This was an issue we discovered on Harmonie last fall, just as we were getting ready to sail out the Chesapeake down to Florida. You are looking at the base of the mainsail foil, the part that rotates to furl the sail. The lines that secure the tack of the sail are loose to give a better view.
The bottom piece with the hole the lashing lines go through is the shaft at the top of the manual furling gearbox. The visible part where the bolts go through is the coupling, and the part going up the top of the photo is the actual foil that extends to the top of the mast. The lower bolt goes through the gearbox shaft, and the upper bolt through the foil.
There has been some bad advice given about how to repair this recently, and having done this repair, I hope I can prevent someone from investing a lot of time and/or money into what could prove to be a very short-lived repair. This is a very important part, that is under high loads, and there is quite a bit of detail to the repair that needs to be attended to correctly.
When repairing this do NOT just drill a hole in the foil and put a bolt through! If you have a rigger do the repair, do not allow him to do it that way! This would concentrate all the turning torque on the thin walls of the foil extrusion. This WILL fail very quickly.
Amel’s original design for the foil drive bolt consisted of a piece of tubing through the foil that had an inner diameter matching the bolt (8mm) and an outer diameter of 10mm. Inside the foil on each side was a reenforcing plate that distributed the torque of the bolt and tube to the concave parts of the foil extrusion, greatly distributing the torque load. Over time, with many back and forth loadings, the soft aluminum of the backing plates and foil extrusion begins to wear, the bolt begins to bear on the thin sides of the extrusion, and then the cracks start.
It is worth noting that the failure here is not the result of a sudden loading of force, but a long term wearing of the parts. Boats that sail a lot, and furl/unfurl the sail often will see earlier failure. Reducing the load on the system by being sure the sail is luffing when furling will certainly slow the damage, but will not eliminate it.
Some people recommend just cutting the foil and allowing it to drop down.

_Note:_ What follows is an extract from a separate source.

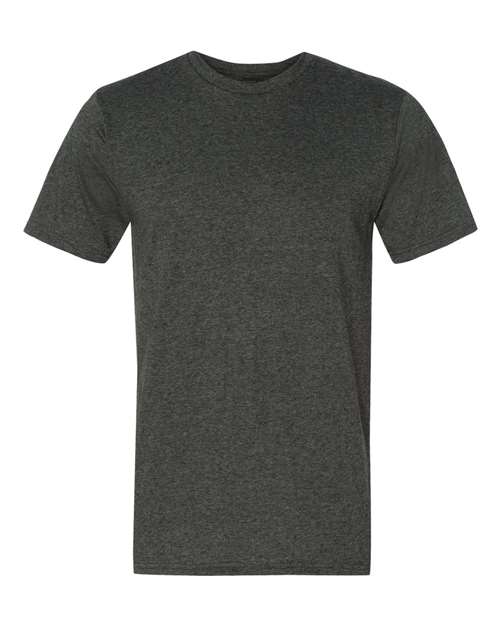 Softstyle® Lightweight T-Shirt - Heather Dark Grey -   -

That works. We went a different route, and had a new coupling made that is long enough to replace the cutoff parts of the foil so the top of the foil still sits at the same height as Amel originally designed. The foil’s internal backing plates had been worn and distorted quite a bit on ours, and were not reusable. Instead of machining new ones, we set up a better system for distributing the torque loads on the foil.
- Using the coupling as a guide, drill a 10mm hole in the foil to accept the tubing. Tap the tube in place, it should be a good tight fit. If it is at all sloppy, tape around it to be sure that epoxy does not leak out. If your tubing is lost or damaged, aluminum tube with 1/4″ ID–3/8″ OD will work and be easier to source in the USA. The length of the tube should be equal to the OD of the foil.

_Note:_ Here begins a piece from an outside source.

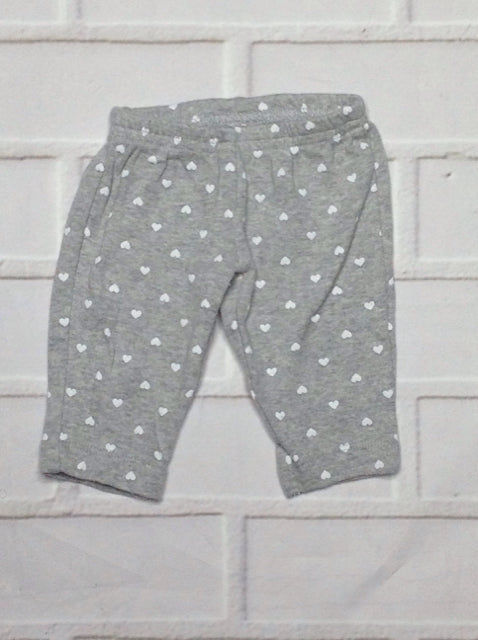 Simple Joy GRAY & WHITE Pants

- Carefully tape over the bottom of the foil. I used blue painters tape, but the type isn’t important.
- Just above the height of the top of the coupling when it is installed, drill a 1/8″ (3mm) hole in the foil.

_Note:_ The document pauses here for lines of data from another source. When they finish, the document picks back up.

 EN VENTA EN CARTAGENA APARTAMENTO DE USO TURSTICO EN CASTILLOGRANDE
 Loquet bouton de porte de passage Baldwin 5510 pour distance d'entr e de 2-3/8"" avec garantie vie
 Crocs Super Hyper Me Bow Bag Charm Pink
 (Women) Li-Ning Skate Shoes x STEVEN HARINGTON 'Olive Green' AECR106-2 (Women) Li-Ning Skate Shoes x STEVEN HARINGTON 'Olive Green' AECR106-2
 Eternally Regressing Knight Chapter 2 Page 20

- Mix a batch of epoxy and thicken it with high strength filler to a thickness where it sill still flow, but just barely.
- Using a syringe, inject the epoxy into the hole you drilled in the side of the foil. Be sure you spread plastic or other protective material sufficient to catch and contain ALL the epoxy in case of a spill!
- Fill the bottom of the foil up to, but NOT blocking the small fill hole. It must be there to allow water to drain, very important in freezing climates!
- Once the epoxy cures, bolt all the pieces together. Use Tef-gel and nylon washers to isolate the stainless steel bolt from the aluminum parts.
- Use silicon to fill the concave parts of the foil where they go down into the coupling just to be sure that water can’t stand in here, freeze, and crack the metal parts.
The bottom of the foil is now one solid piece, with no point loadings where cracks can start, and it will not wear with use. It is not often a repair on an Amel can be said to be better than new, but this one is.